Joseph Ewing McDonald (August 29, 1819 – June 21, 1891) was an American politician who served as a United States representative and Senator from Indiana. He also served as Indiana's 2nd Attorney General and unsuccessfully sought the Democratic nomination for President in 1884.

Life and career
McDonald was born in Butler County, Ohio, the son of Eleanor (Piatt) and John McDonald. He moved with his mother to Montgomery County, Indiana, in 1826 and apprenticed to the saddler's trade when twelve years of age in Lafayette, Indiana. He attended Wabash College (Crawfordsville) and graduated from Indiana Asbury University (Greencastle, Indiana; now DePauw University) in 1840. Also in 1840, he worked on the Wabash and Erie Canal. He studied law in Lafayette and was admitted to the bar in 1843, after which he practiced. He was prosecuting attorney from 1843 to 1847 and in the latter year moved to Crawfordsville where he practiced law until 1859.
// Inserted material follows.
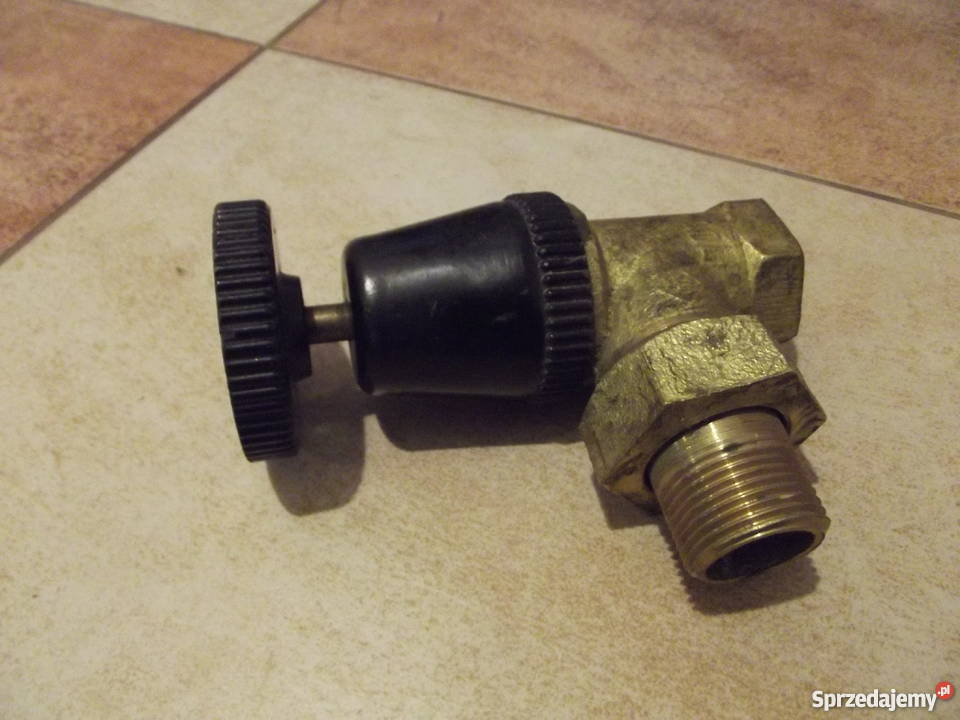 Zawór grzejnikowy mosiądz DN 25 1calkolanko Masłów Drugi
McDonald was elected as a Democrat to the Thirty-first Congress, serving from March 4, 1849, to March 3, 1851. He was not a candidate for renomination in 1850, and was elected Indiana Attorney General in 1856 and was reelected in 1858. In 1859, He moved to Indianapolis in 1859, where he formed a law partnership with former Indiana Supreme Court Justice Addison Roache. He was an unsuccessful candidate for Governor of Indiana in 1864, and was elected to the United States Senate and served from March 4, 1875, to March 3, 1881. He was an unsuccessful candidate for reelection. While in the Senate he was chairman of the Committee on Public Lands (Forty-sixth Congress). McDonald sought his party's nomination for U.S. President at the 1884 Democratic National Convention in Chicago, but was defeated by New York Governor Grover Cleveland.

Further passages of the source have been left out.